## Task
Every record here needs to be duplicated exactly.

## Task input
★ ★ ★ ★

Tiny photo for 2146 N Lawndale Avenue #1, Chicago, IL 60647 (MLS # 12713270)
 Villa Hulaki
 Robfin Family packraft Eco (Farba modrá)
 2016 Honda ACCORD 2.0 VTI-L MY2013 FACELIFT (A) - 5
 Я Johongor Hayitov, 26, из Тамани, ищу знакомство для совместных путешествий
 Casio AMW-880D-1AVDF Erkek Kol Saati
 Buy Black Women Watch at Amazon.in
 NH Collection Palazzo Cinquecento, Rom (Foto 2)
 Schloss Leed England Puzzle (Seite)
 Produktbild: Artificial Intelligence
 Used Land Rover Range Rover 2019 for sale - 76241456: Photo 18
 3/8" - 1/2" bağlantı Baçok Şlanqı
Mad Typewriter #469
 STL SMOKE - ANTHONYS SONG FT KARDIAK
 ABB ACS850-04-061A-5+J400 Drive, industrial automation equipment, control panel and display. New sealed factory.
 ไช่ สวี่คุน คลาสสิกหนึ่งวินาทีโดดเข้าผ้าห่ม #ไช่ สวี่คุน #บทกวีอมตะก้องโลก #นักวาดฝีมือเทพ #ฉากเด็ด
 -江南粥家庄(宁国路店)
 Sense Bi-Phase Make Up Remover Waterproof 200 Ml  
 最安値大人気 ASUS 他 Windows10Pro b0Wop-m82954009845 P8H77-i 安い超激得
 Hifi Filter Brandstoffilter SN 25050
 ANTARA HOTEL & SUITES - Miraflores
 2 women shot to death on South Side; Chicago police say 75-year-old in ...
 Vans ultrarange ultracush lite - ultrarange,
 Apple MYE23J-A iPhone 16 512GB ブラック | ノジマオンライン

★ ★ ★ ★

## Task result
Tiny photo for 2146 N Lawndale Avenue #1, Chicago, IL 60647 (MLS # 12713270)
 Villa Hulaki
 Robfin Family packraft Eco (Farba modrá)
 2016 Honda ACCORD 2.0 VTI-L MY2013 FACELIFT (A) - 5
 Я Johongor Hayitov, 26, из Тамани, ищу знакомство для совместных путешествий
 Casio AMW-880D-1AVDF Erkek Kol Saati
 Buy Black Women Watch at Amazon.in
 NH Collection Palazzo Cinquecento, Rom (Foto 2)
 Schloss Leed England Puzzle (Seite)
 Produktbild: Artificial Intelligence
 Used Land Rover Range Rover 2019 for sale - 76241456: Photo 18
 3/8" - 1/2" bağlantı Baçok Şlanqı
Mad Typewriter #469
 STL SMOKE - ANTHONYS SONG FT KARDIAK
 ABB ACS850-04-061A-5+J400 Drive, industrial automation equipment, control panel and display. New sealed factory.
 ไช่ สวี่คุน คลาสสิกหนึ่งวินาทีโดดเข้าผ้าห่ม #ไช่ สวี่คุน #บทกวีอมตะก้องโลก #นักวาดฝีมือเทพ #ฉากเด็ด
 -江南粥家庄(宁国路店)
 Sense Bi-Phase Make Up Remover Waterproof 200 Ml  
 最安値大人気 ASUS 他 Windows10Pro b0Wop-m82954009845 P8H77-i 安い超激得
 Hifi Filter Brandstoffilter SN 25050
 ANTARA HOTEL & SUITES - Miraflores
 2 women shot to death on South Side; Chicago police say 75-year-old in ...
 Vans ultrarange ultracush lite - ultrarange,
 Apple MYE23J-A iPhone 16 512GB ブラック | ノジマオンライン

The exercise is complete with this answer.